Interact. Answer comments. Check messages. Be real with them. Your community is what matters.
Track metrics. Not all content is worth creating. If something requires tons of time and gets 200 views while something else takes minutes and blows up, adjust your strategy.
Prioritize yourself. Self-care isn't selfish. Step away. Protect your peace. Your health matters most.
This takes time. This isn't a get-rich-quick scheme. It took me half a year to make decent money. My first year, I made fifteen thousand. The second year, $80,000. Year three, I'm projected for $100K+. It's a process.
Don't forget your why. On hard days—and they happen—think about your why. For me, it's money, being present, and showing myself that I'm more than I believed.
Being Real With You
Listen, I'm not going to sugarcoat this. Being a single mom creator is hard. So damn hard. You're managing a business while being the lone caretaker of demanding little people.

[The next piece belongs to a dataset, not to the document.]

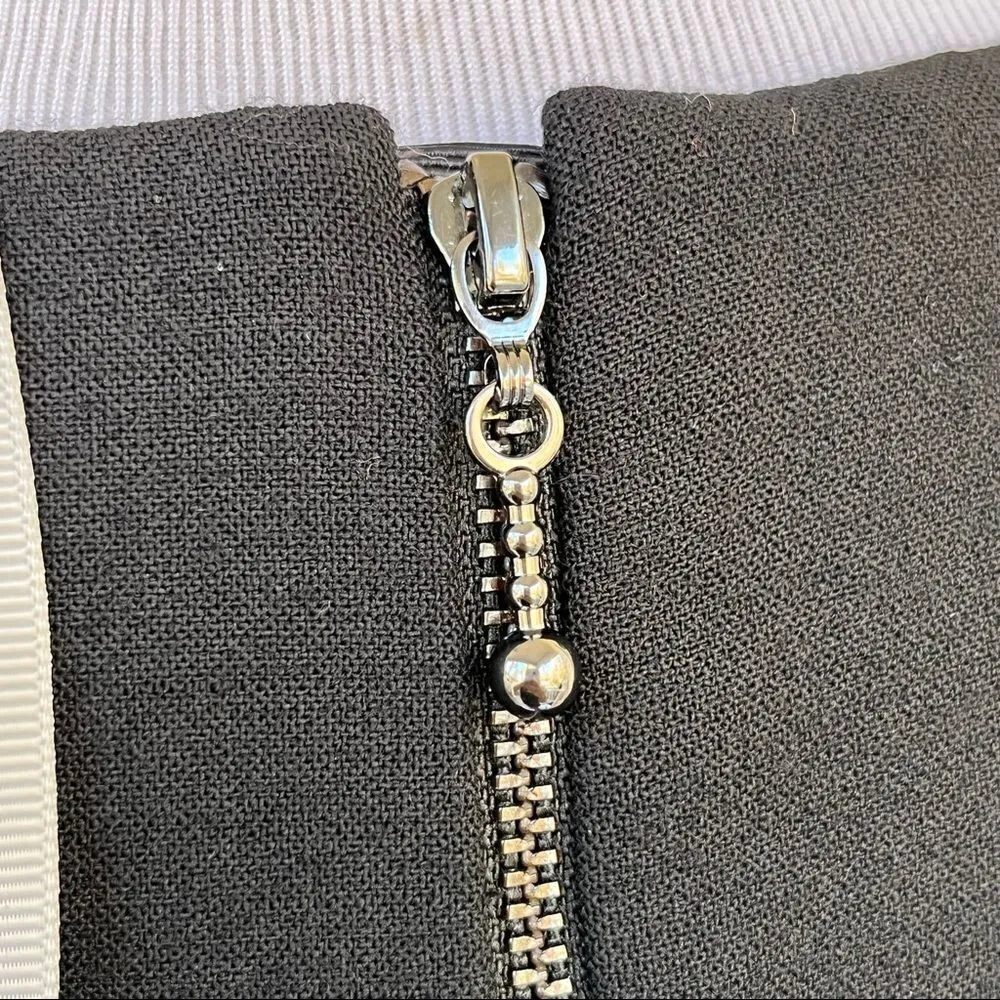 Pure Collection Black Wool Blend Tailored Short Sleeve Top Size 6 - Image 7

Some days I doubt myself. Days when the trolls affect me. Days when I'm drained and wondering if I should just get a "normal" job with benefits and a steady paycheck.

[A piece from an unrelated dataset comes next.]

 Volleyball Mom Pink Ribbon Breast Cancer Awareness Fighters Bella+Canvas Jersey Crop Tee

But then suddenly my daughter tells me she loves that I'm home. Or I see financial progress. Or I see a message from a follower saying my content changed her life. And I understand the impact.
My Future Plans
Three years ago, I was scared and struggling how to survive. Now, I'm a full-time creator making triple what I earned in corporate America, and I'm present for everything.
My goals now? Hit 500K by end of year. Start a podcast for single moms. Maybe write a book. Keep building this business that makes everything possible.

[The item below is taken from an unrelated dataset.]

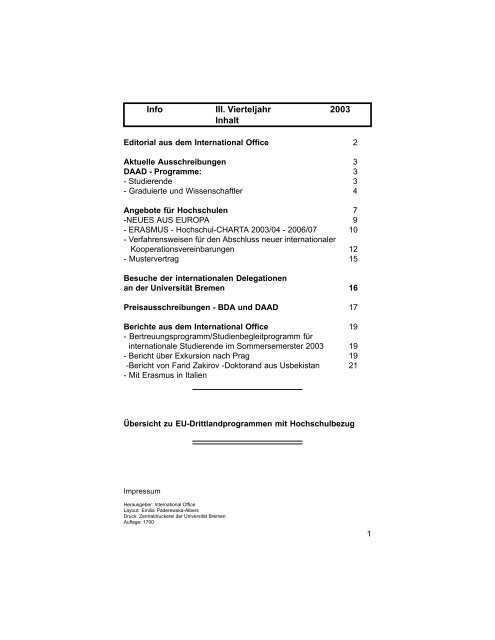 Info Iii Vierteljahr 2003 Inhalt International Office Universita T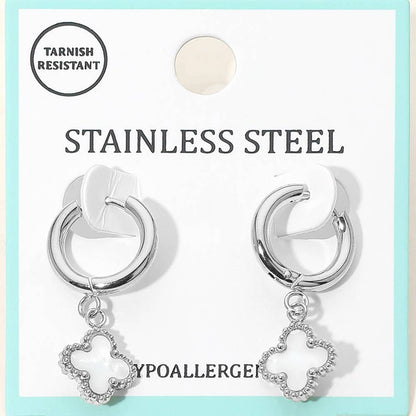 Darla Quatrefoil Dangle Huggie Hoop Earrings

Content creation gave me a lifeline when I was drowning. It gave me a way to provide for my family, show up, and build something I'm genuinely proud of. It's unexpected, but it's meant to be.
To any single parent wondering if you can do this: Hell yes you can. It won't be easy. You'll struggle. But you're managing the most difficult thing—single parenting. You're powerful.
Begin messy. Stay consistent. Protect your peace. And don't forget, you're not just surviving—you're creating something amazing.
Now if you'll excuse me, I need to go make a video about the project I just found out about and nobody told me until now. Because that's the reality—turning chaos into content, video by video.
For real. This journey? It's worth every struggle. Even if there's probably Goldfish crackers all over my desk. No regrets, imperfectly perfect.